───── Given data ─────
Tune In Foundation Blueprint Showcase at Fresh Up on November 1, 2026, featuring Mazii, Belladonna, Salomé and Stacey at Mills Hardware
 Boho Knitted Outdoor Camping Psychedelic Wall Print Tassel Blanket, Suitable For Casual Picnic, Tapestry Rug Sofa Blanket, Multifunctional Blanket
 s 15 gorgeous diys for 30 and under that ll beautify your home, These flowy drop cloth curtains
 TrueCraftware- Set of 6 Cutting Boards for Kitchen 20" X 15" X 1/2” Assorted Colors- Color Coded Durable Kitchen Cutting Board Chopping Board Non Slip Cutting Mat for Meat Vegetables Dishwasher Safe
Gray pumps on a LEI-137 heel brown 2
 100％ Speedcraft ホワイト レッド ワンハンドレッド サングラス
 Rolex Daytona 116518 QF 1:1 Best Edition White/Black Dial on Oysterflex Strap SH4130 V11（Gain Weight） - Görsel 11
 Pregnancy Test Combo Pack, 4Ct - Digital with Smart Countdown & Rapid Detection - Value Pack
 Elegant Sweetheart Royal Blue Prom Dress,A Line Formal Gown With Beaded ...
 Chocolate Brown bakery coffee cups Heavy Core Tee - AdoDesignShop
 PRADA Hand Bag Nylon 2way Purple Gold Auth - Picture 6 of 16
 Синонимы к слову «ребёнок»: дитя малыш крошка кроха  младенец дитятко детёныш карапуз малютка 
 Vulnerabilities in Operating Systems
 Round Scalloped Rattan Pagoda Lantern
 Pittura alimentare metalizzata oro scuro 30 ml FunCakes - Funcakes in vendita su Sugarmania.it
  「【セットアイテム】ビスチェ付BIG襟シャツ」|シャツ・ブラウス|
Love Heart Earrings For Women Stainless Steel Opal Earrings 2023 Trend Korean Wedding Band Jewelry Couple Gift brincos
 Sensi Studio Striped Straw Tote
─────
◆ **Requirement**: Repeat the data above, word for word.

◆ **Answer**:
Tune In Foundation Blueprint Showcase at Fresh Up on November 1, 2026, featuring Mazii, Belladonna, Salomé and Stacey at Mills Hardware
 Boho Knitted Outdoor Camping Psychedelic Wall Print Tassel Blanket, Suitable For Casual Picnic, Tapestry Rug Sofa Blanket, Multifunctional Blanket
 s 15 gorgeous diys for 30 and under that ll beautify your home, These flowy drop cloth curtains
 TrueCraftware- Set of 6 Cutting Boards for Kitchen 20" X 15" X 1/2” Assorted Colors- Color Coded Durable Kitchen Cutting Board Chopping Board Non Slip Cutting Mat for Meat Vegetables Dishwasher Safe
Gray pumps on a LEI-137 heel brown 2
 100％ Speedcraft ホワイト レッド ワンハンドレッド サングラス
 Rolex Daytona 116518 QF 1:1 Best Edition White/Black Dial on Oysterflex Strap SH4130 V11（Gain Weight） - Görsel 11
 Pregnancy Test Combo Pack, 4Ct - Digital with Smart Countdown & Rapid Detection - Value Pack
 Elegant Sweetheart Royal Blue Prom Dress,A Line Formal Gown With Beaded ...
 Chocolate Brown bakery coffee cups Heavy Core Tee - AdoDesignShop
 PRADA Hand Bag Nylon 2way Purple Gold Auth - Picture 6 of 16
 Синонимы к слову «ребёнок»: дитя малыш крошка кроха  младенец дитятко детёныш карапуз малютка 
 Vulnerabilities in Operating Systems
 Round Scalloped Rattan Pagoda Lantern
 Pittura alimentare metalizzata oro scuro 30 ml FunCakes - Funcakes in vendita su Sugarmania.it
  「【セットアイテム】ビスチェ付BIG襟シャツ」|シャツ・ブラウス|
Love Heart Earrings For Women Stainless Steel Opal Earrings 2023 Trend Korean Wedding Band Jewelry Couple Gift brincos
 Sensi Studio Striped Straw Tote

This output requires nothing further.